Первым и главным носителем, создателем, творцом добра был М. А. Чехов в роли Калеба. Он с такой мощью, с таким накалом, так напряженно любил, так убедителен был в своей вере в добро, что и свирепый Тэкльтон — Вахтангов воспринимался через него и через слепые, но любящие глаза Веры Соловьевой не воистину злым. То, что к концу он преобразится, зритель чувствовал с самого начала, потому что верил, не мог не верить Чехову, который окутывал всех нежным облаком доброты, светившейся в нем и освещавшей всех, с кем он общался. Но добро нес не только он — и кроткая, слепая дочь его — Соловьева, и Джон — Хмара, и Мэри — Дурасова, и нелепая полудурочка Тилли Слоубой — Успенская. Все были его носителями, все убеждали в его непобедимости, в случайности, преходящести подозрительности, ревности, злобы — всего того, что зло пытается внести в жизнь человека.

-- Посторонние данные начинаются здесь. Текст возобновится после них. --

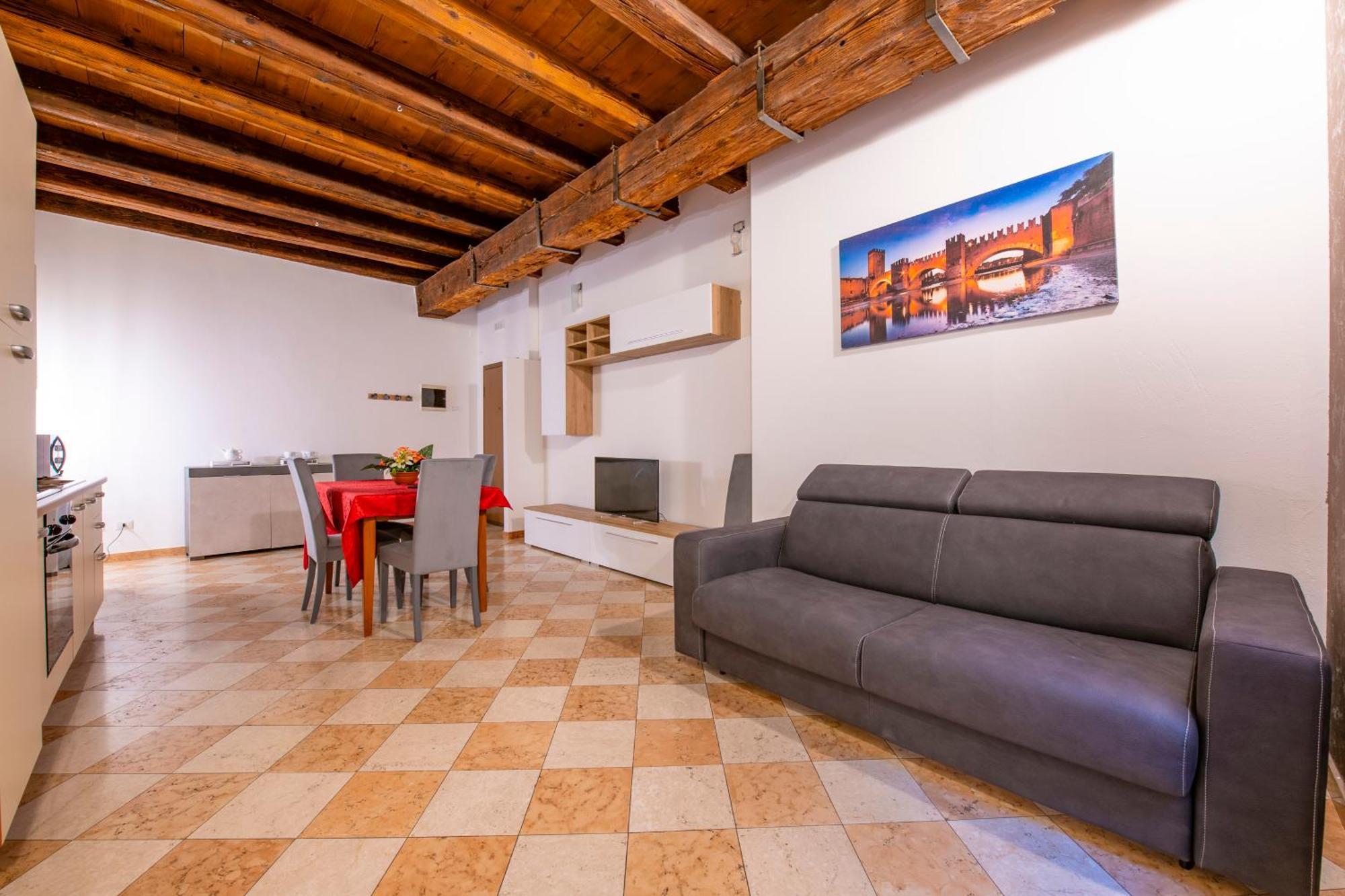 Arena Suite Mazzini Verona Centro Luaran gambar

Преображение Текльтона — Вахтангова воспринималось не только как победа добра, но и как самый убедительный показ борьбы добра со злом, полем для которой был Тэкльтон. Но мне и моим сверстникам самым ярким, самым светлым казался (а мне и до сего времени кажется) образ Феи — Гиацинтовой. Ее голос звенел так же нежно и лучисто, как сияли ее глаза. Она несла основное волнение автора и режиссера за благополучие исхода событий, и зритель делил с ней это волнение, это напряжение и душевно-деятельное участие в том, что перед ним происходит. То, что это происходило не на сцене, а тут же, в этом маленьком помещении, которое отделялось от зрителя только воображаемой преградой, — делало все еще более близким, волнующим, задевающим самые чувствительные и отзывчивые струны души. Все главное совершалось не только перед зрителем, а внутри его — в его сознании, в его чувствах…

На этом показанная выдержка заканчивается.